▸ **Requirement**: From the line containing "Youth Royal Lilo and Stitch Original T-Shirt" to the line containing "Apartment Sanssouci - Baederstilvilla" in the records below, set down every line exactly as it stands, both ends included, and skip the pictures.

▸ **Extracted information**:
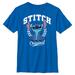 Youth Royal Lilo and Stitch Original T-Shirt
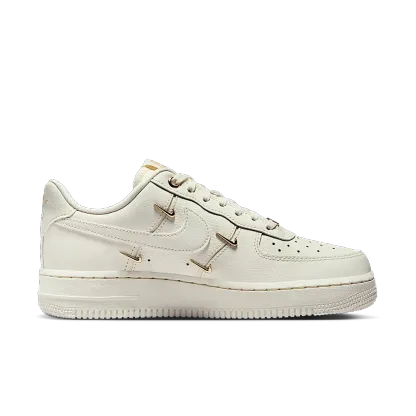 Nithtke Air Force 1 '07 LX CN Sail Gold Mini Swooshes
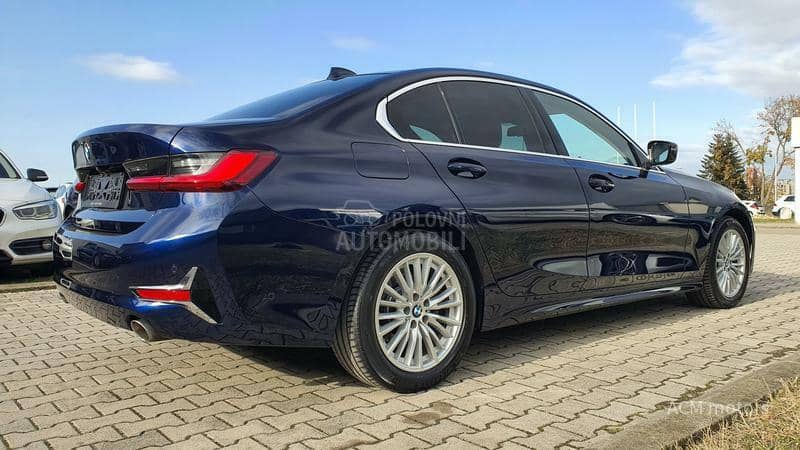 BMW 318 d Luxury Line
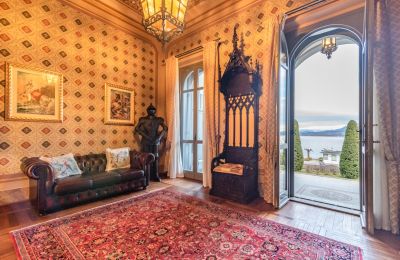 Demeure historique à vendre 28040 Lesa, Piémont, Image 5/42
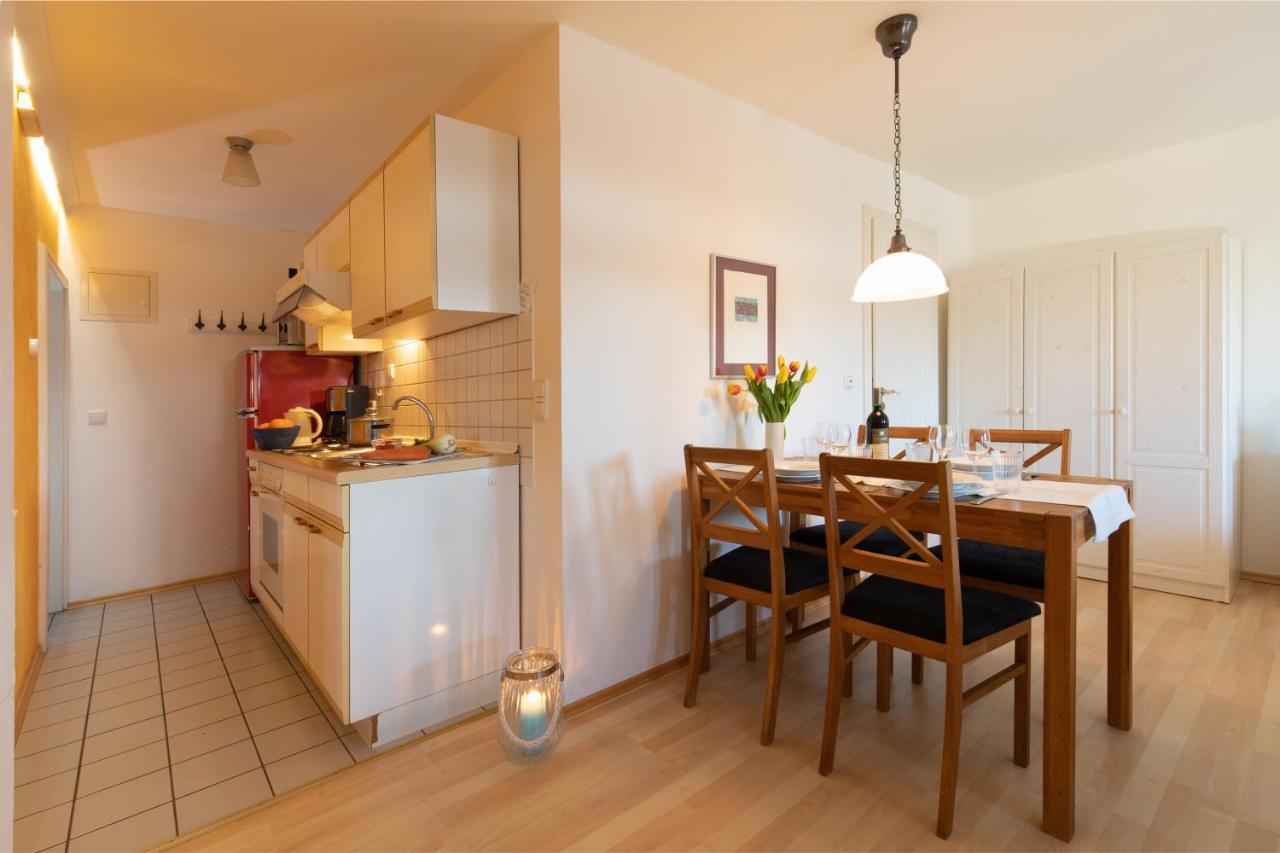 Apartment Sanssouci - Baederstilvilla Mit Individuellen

...

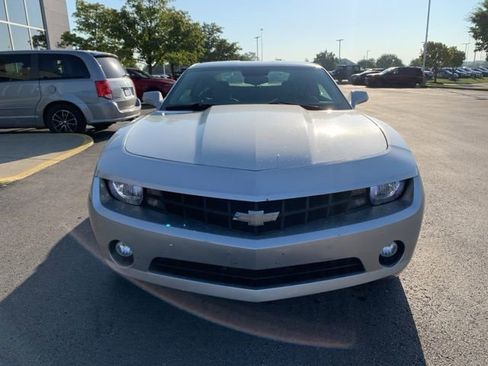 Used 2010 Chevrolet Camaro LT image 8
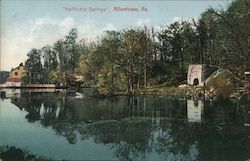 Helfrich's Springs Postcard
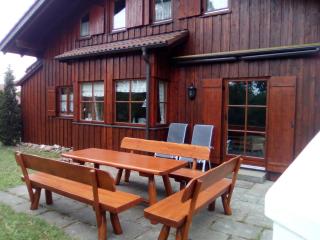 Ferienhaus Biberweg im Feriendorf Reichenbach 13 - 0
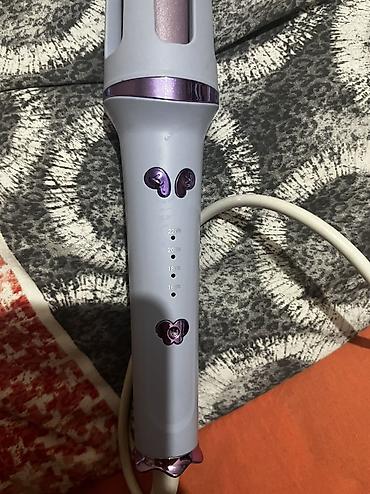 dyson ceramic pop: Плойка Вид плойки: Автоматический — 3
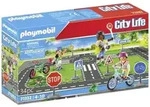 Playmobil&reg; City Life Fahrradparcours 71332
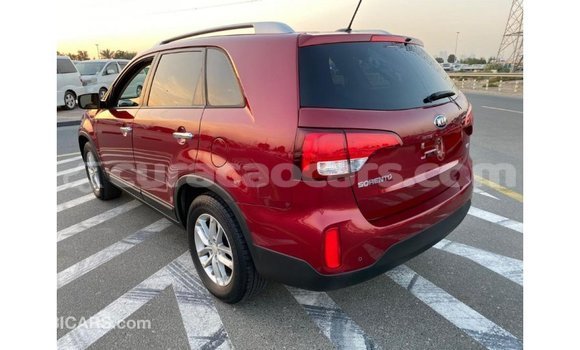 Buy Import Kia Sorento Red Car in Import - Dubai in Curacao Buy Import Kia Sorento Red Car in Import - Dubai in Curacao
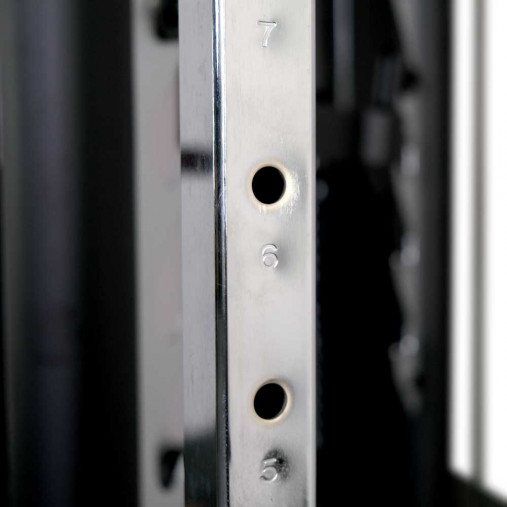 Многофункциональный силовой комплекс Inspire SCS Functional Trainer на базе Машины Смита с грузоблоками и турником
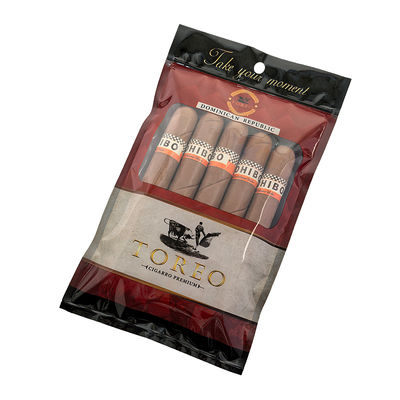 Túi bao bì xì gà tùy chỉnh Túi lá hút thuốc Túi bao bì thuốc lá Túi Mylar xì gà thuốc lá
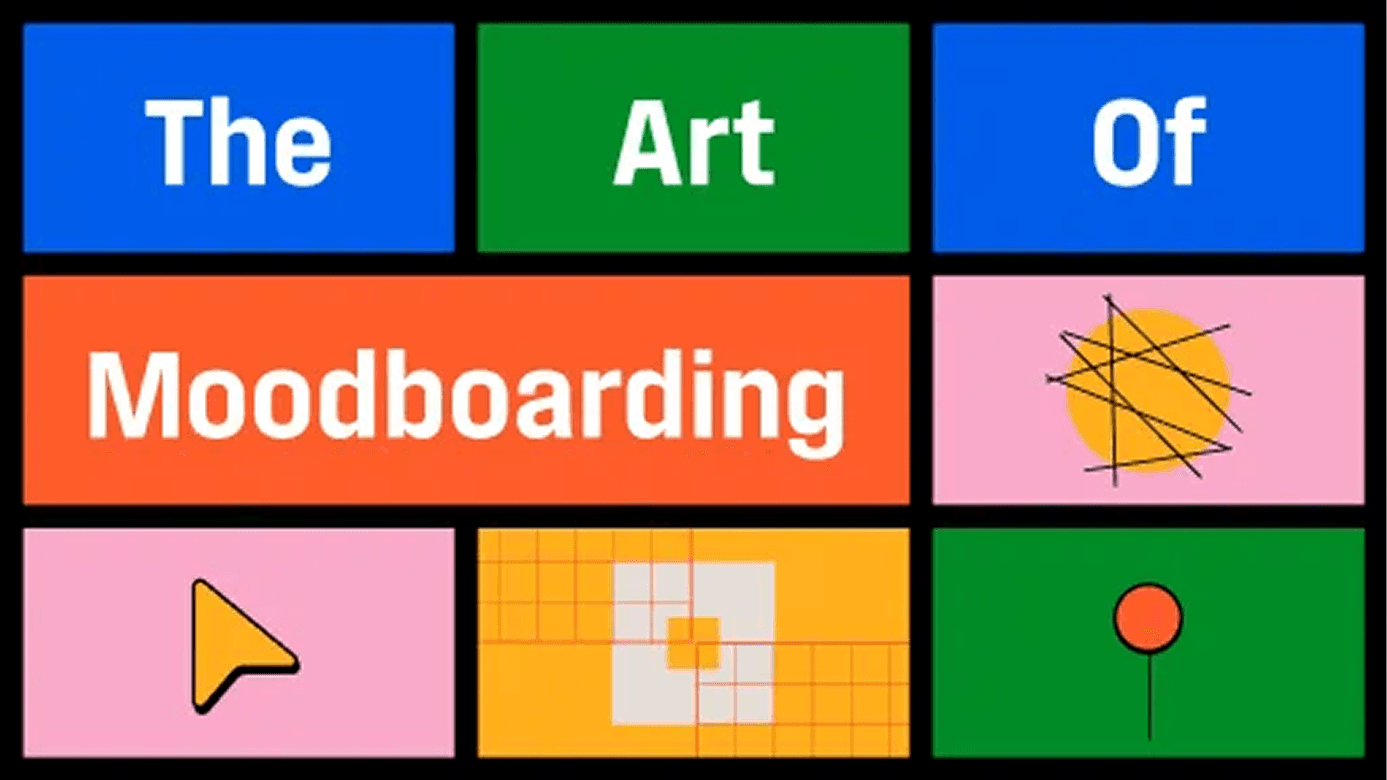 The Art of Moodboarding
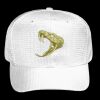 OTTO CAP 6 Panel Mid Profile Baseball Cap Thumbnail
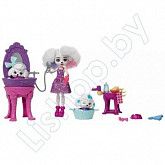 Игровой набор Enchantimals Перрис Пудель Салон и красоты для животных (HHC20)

==

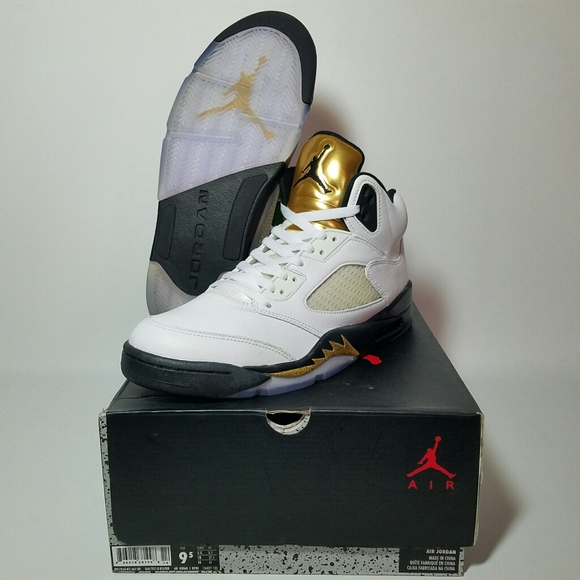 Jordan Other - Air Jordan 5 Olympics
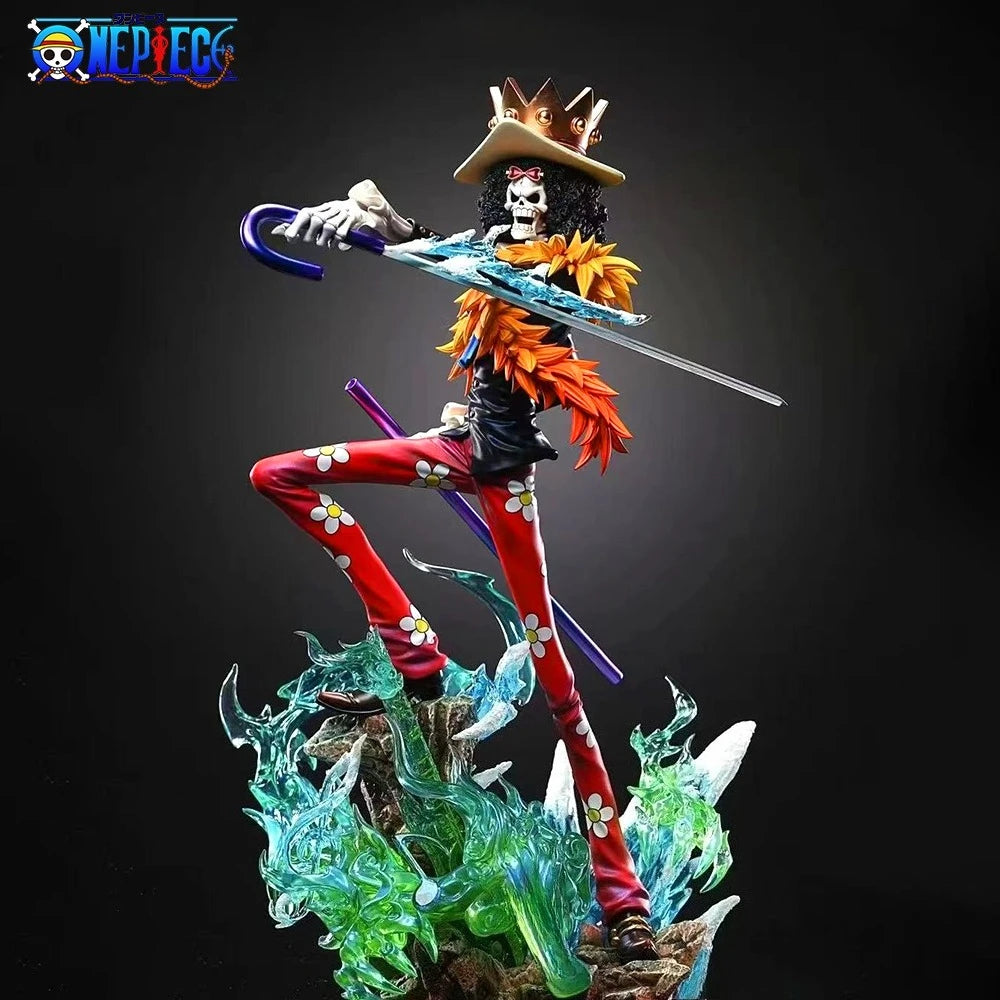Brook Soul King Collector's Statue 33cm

▸ **Finished task**:
 Youth Royal Lilo and Stitch Original T-Shirt
 Nithtke Air Force 1 '07 LX CN Sail Gold Mini Swooshes
 BMW 318 d Luxury Line
 Demeure historique à vendre 28040 Lesa, Piémont, Image 5/42
 Apartment Sanssouci - Baederstilvilla Mit Individuellen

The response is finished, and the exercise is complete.